When editing an art magazine, one can get tangled up in distinctions between photography and art – whether to identify someone at the journeyman-photographer end of the spectrum, or as an artist who uses photography in his or her work. Shooting Space, featuring recent photography of architecture and the built environment, flirts with such distinctions (architectural photographer? art photographer of architecture?) and then brushes past them, focusing instead on the broader question of what photography and architecture are getting from each other, and the still broader question of what the rest of us are getting from them. New ways of experiencing and thinking about the world is surely part of it, from the unease engendered by looking at vast housing blocks in Michael Wolf’s work to the pleasure of seeing Alex Hartley hang off the edge of a Pierre Koenig Case Study House in order to better understand its uses.
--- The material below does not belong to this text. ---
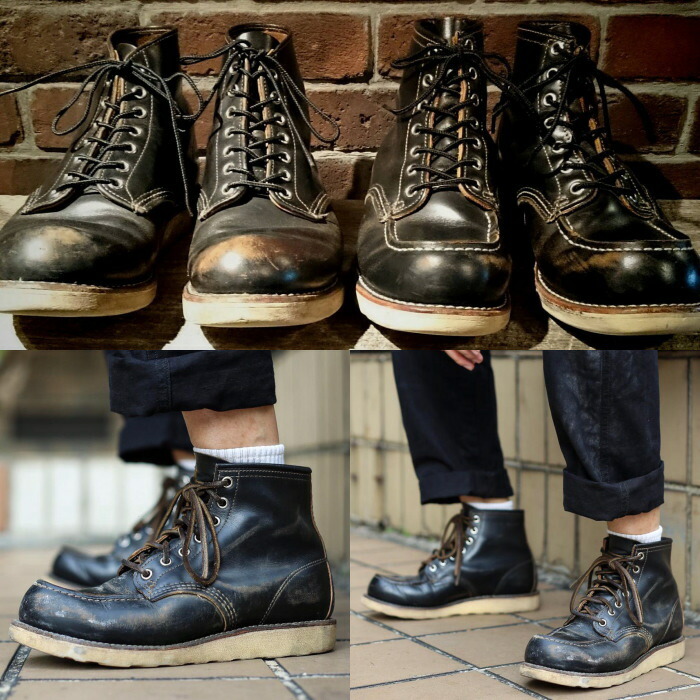 楽天市場】○○ RED WING 9874 レッドウィング アイリッシュセッター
Works by 50 contemporary artists, both established and emerging, are divided into five categories – Manufacturing Iconography, Cityscapes of Change, Man-Altered Landscapes, Excavating Modernism and After Architecture – and prefaced with short texts by Elias Redstone (who is cocurating the similarly themed, though more historical Constructing Worlds exhibition, currently at the Barbican, London). Not all names, projects and locations will be familiar to everyone, but highly informative entries for each artist and longer essays by curators Kate Bush (tracing the lineage of art photography’s engagement with architecture) and Pedro Gadanho (on the history of the relationship between architect and photographer) add up to an engaging survey that flatters as it informs.